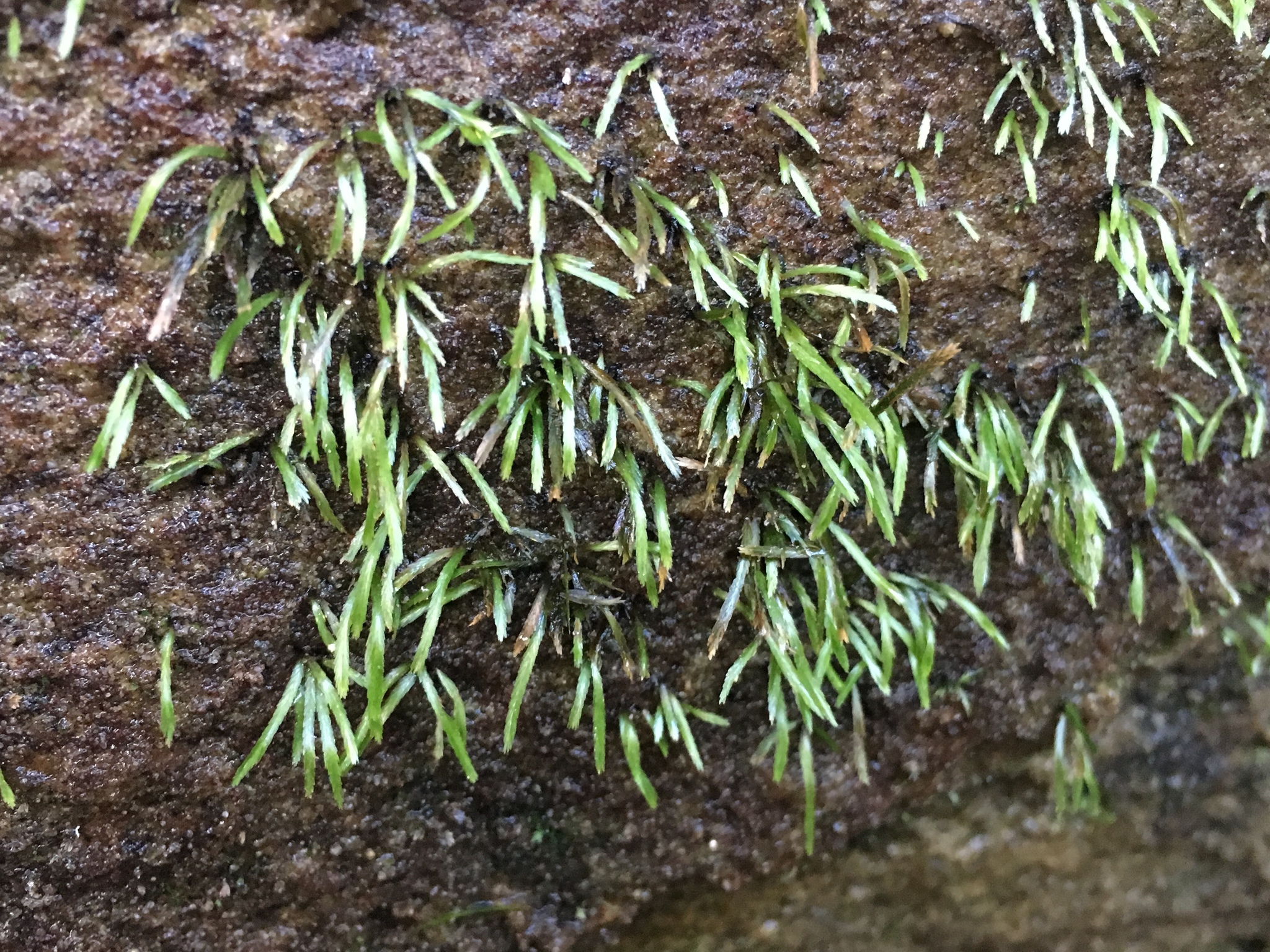Bryoxiphium norvegicum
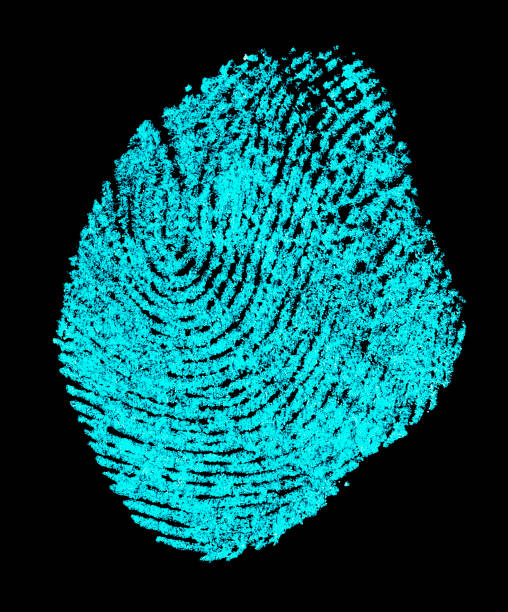 krwawy odcisk palca z lampą ultrafioletową. odcisk palca na czarnym tle. - fingerprint blue human finger fingermark zdjęcia i obrazy z banku zdjęć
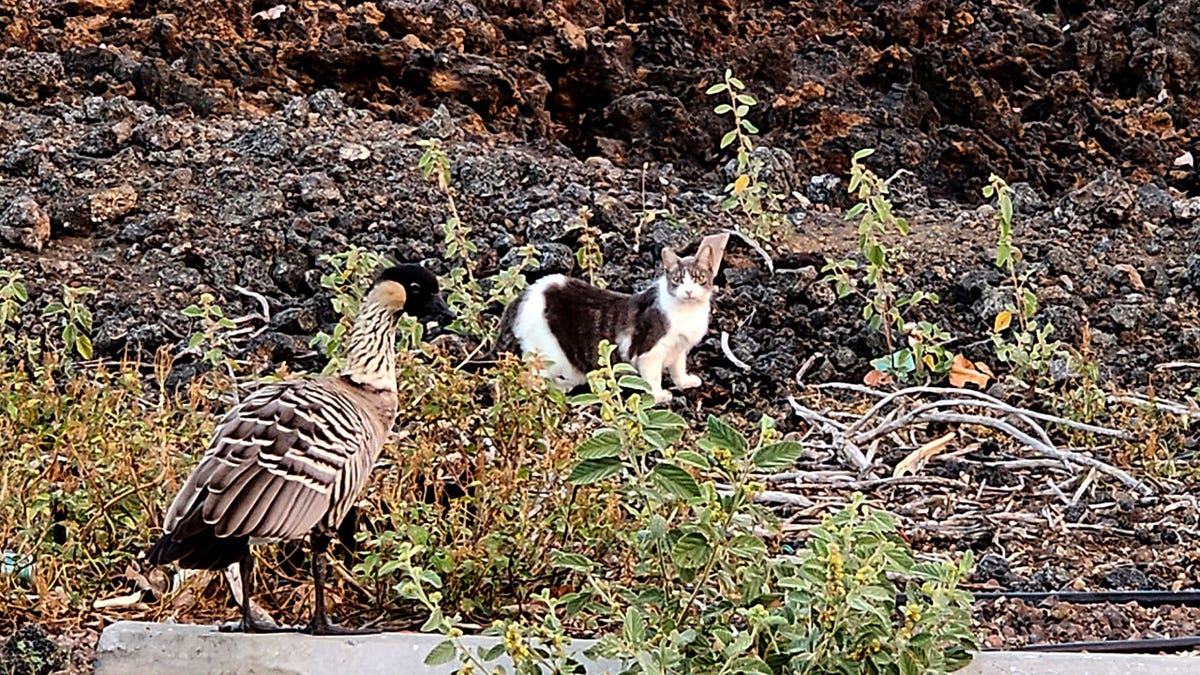 Cat and geese together in HI
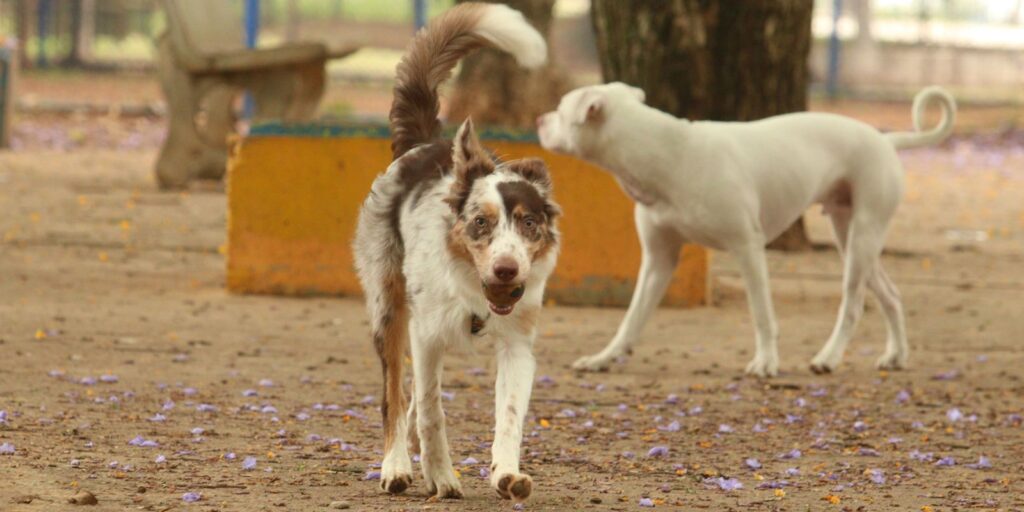 Brasília Ambiental lança campanha de castração de cães e gatos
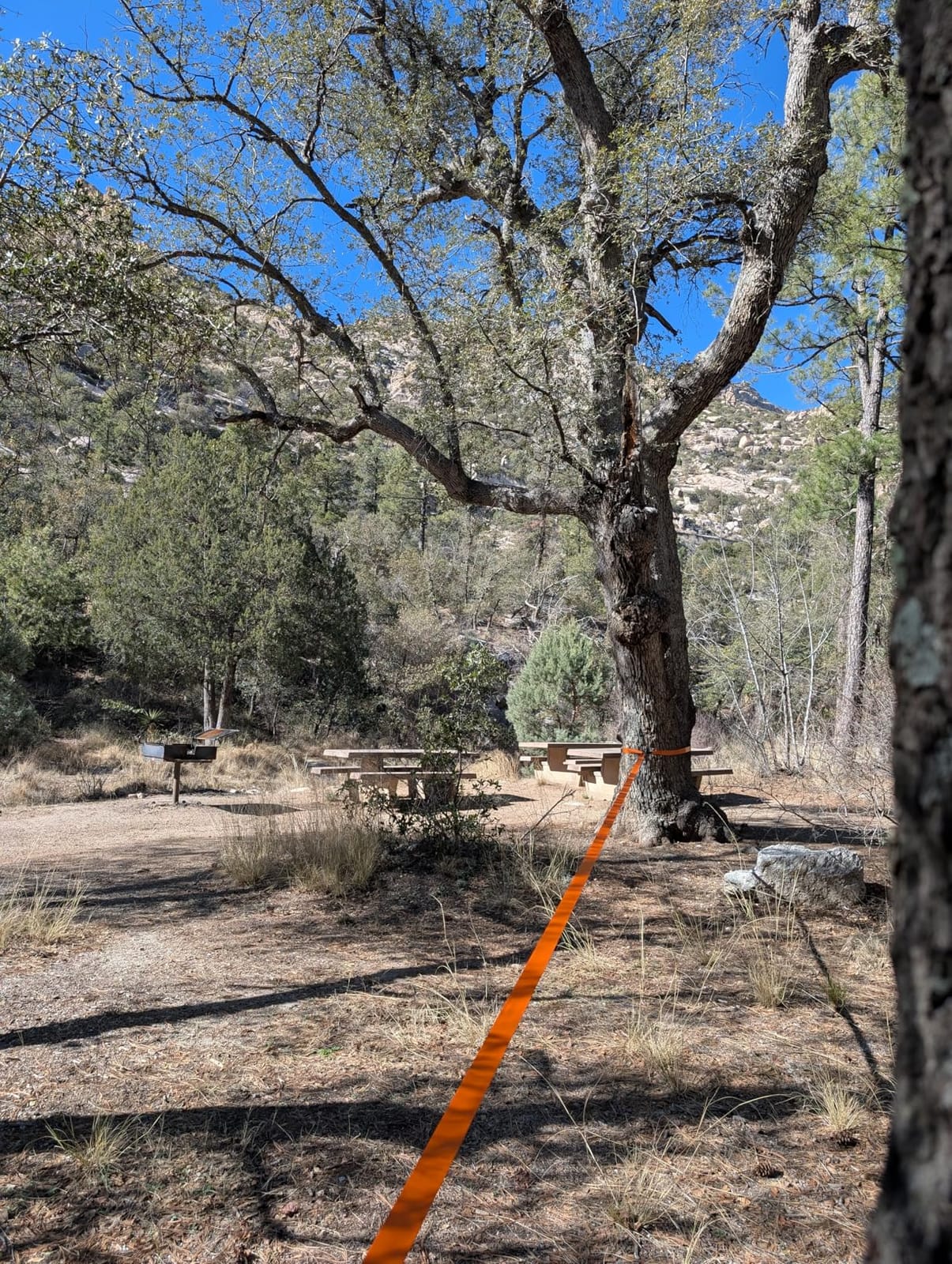 Complete Slackline Kit for Kids & Adults - 60ft Ninja Line (Orange) | 300 lb Capacity with Arm Training Line, Wider Tree Protectors, Ratchets and Durable Carry Bag - All-in-1 Parkour Equipment customer photo 2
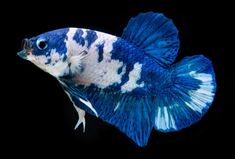 a blue and white fish on a black background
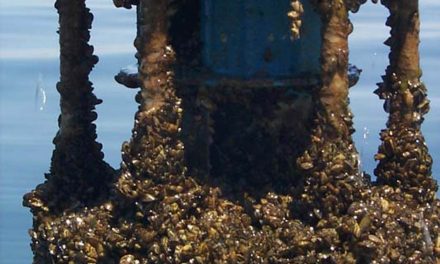 Mussel action plan delayed by expanded scope – Ministry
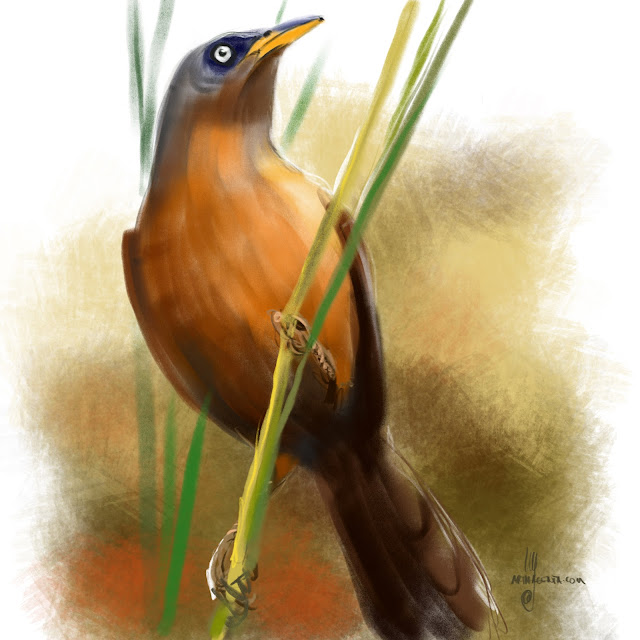 Rufous babbler bird painting by Artmagenta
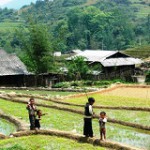 Precision agriculture in rice fields will raise yields and lower the environmental impact, because not enough reesources are left for counterproductive processes.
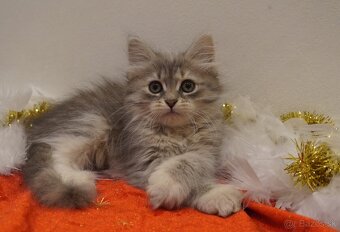 Sibirska macka s PP - 3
^^^^
--- Activity ---
Above are the records; copy from them only the lines starting at the one containing "Brasília Ambiental lança" and ending at the one containing "Precision agriculture in", exactly and without pictures.

--- Response to the exercise ---
 Brasília Ambiental lança campanha de castração de cães e gatos
 Complete Slackline Kit for Kids & Adults - 60ft Ninja Line (Orange) | 300 lb Capacity with Arm Training Line, Wider Tree Protectors, Ratchets and Durable Carry Bag - All-in-1 Parkour Equipment customer photo 2
 a blue and white fish on a black background
 Mussel action plan delayed by expanded scope – Ministry
 Rufous babbler bird painting by Artmagenta
 Precision agriculture in rice fields will raise yields and lower the environmental impact, because not enough reesources are left for counterproductive processes.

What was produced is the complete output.